::: Data shown :::

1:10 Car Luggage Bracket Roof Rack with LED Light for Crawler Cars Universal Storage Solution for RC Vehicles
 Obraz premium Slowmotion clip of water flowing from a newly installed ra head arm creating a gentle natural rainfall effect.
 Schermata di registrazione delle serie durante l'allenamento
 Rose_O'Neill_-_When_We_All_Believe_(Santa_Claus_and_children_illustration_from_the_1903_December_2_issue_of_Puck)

:::
::: Data shown :::

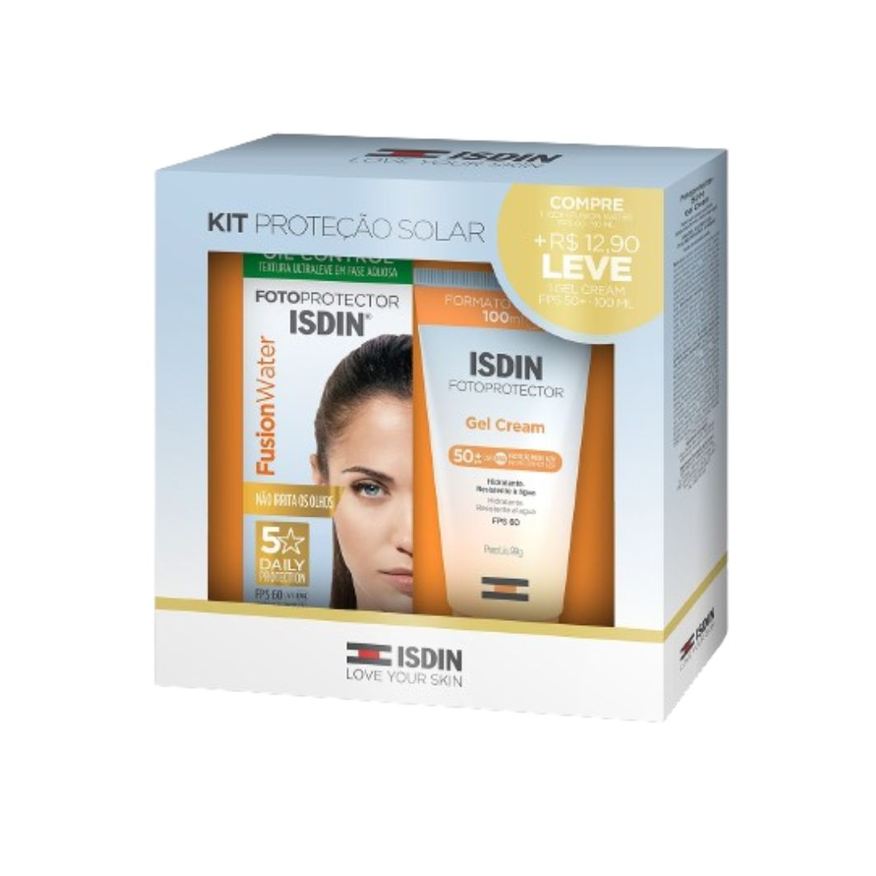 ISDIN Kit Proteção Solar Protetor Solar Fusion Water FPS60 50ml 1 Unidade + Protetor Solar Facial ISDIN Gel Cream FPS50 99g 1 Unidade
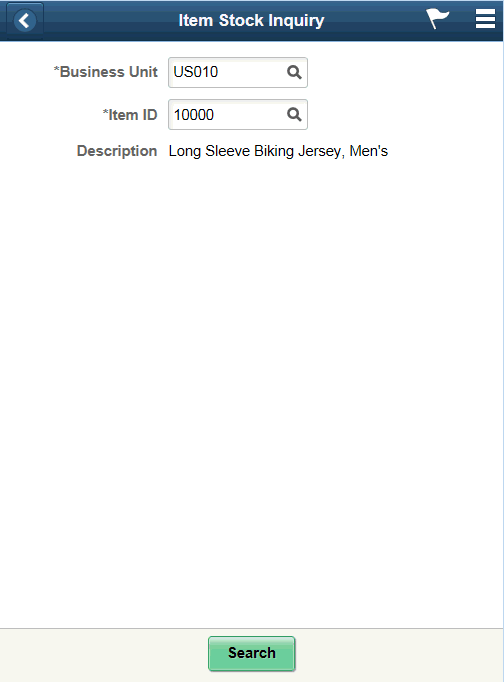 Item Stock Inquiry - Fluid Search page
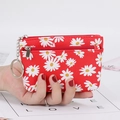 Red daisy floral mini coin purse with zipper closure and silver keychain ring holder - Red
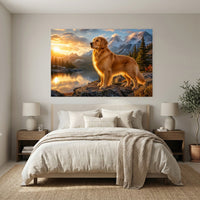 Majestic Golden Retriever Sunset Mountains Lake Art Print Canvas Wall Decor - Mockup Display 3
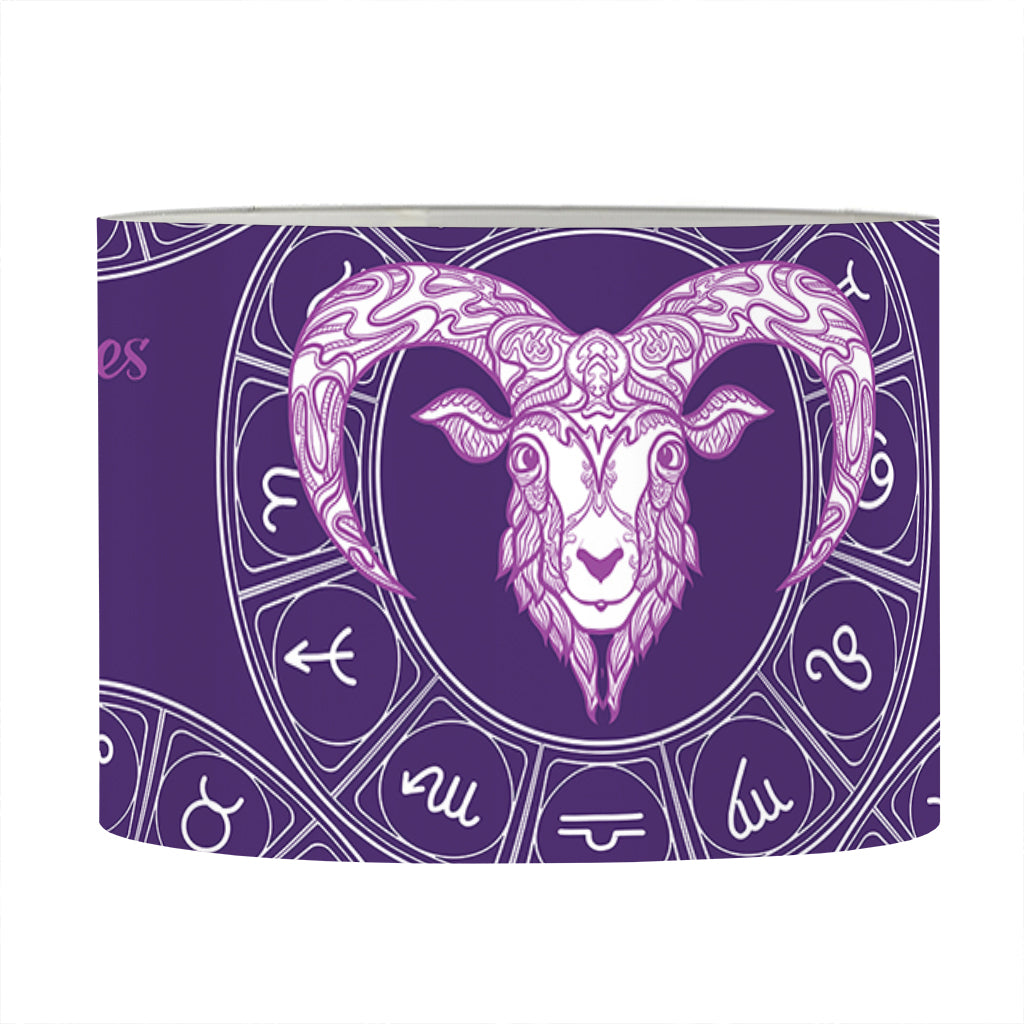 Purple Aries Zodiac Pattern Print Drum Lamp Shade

:::
::: Data shown :::

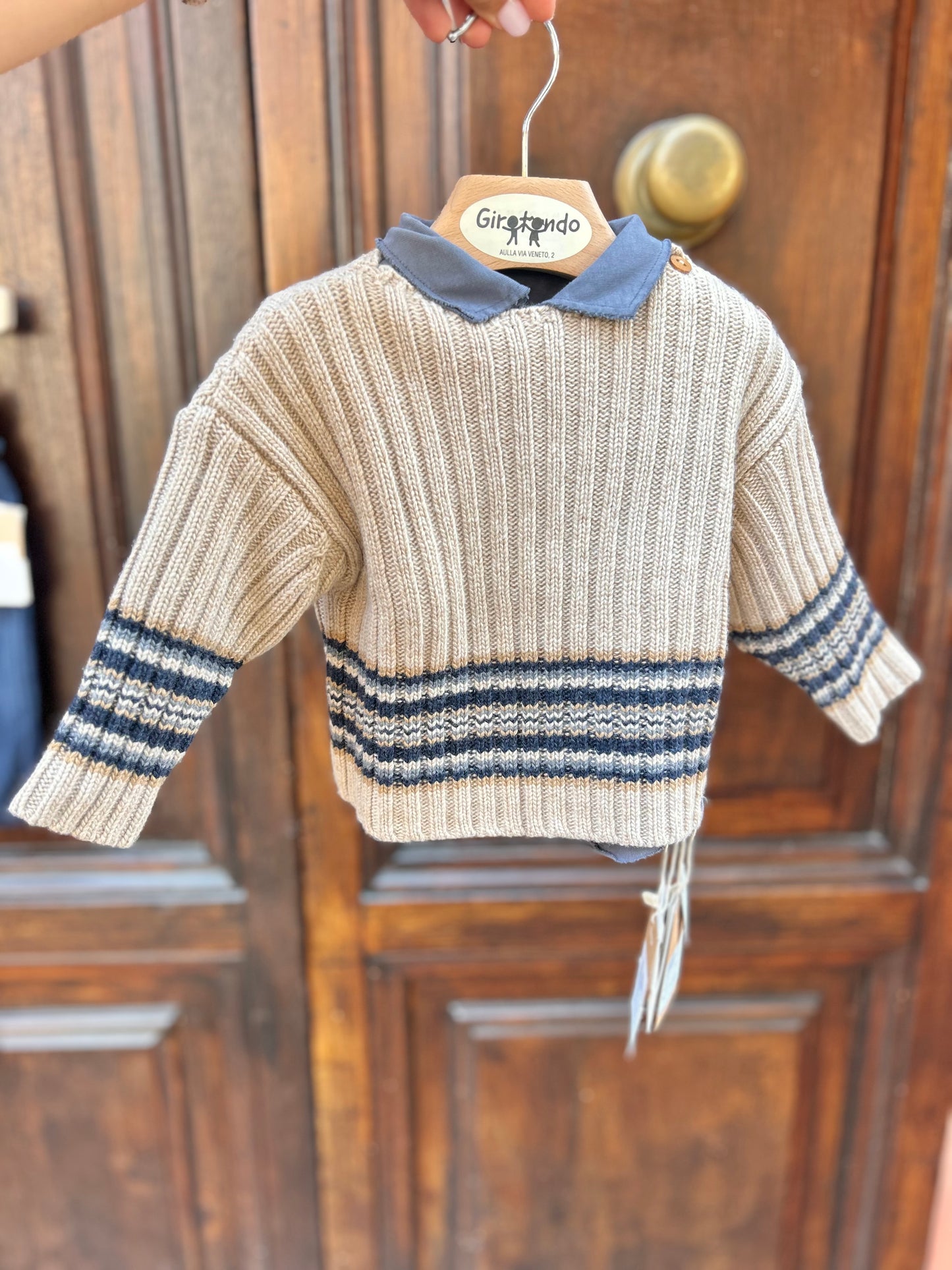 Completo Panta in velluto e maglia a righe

:::

Give back exactly the lines above from the one with "Red daisy floral" through the one with "Purple Aries Zodiac", both included. Pictures don't belong in the copy.

 Red daisy floral mini coin purse with zipper closure and silver keychain ring holder - Red
 Majestic Golden Retriever Sunset Mountains Lake Art Print Canvas Wall Decor - Mockup Display 3
 Purple Aries Zodiac Pattern Print Drum Lamp Shade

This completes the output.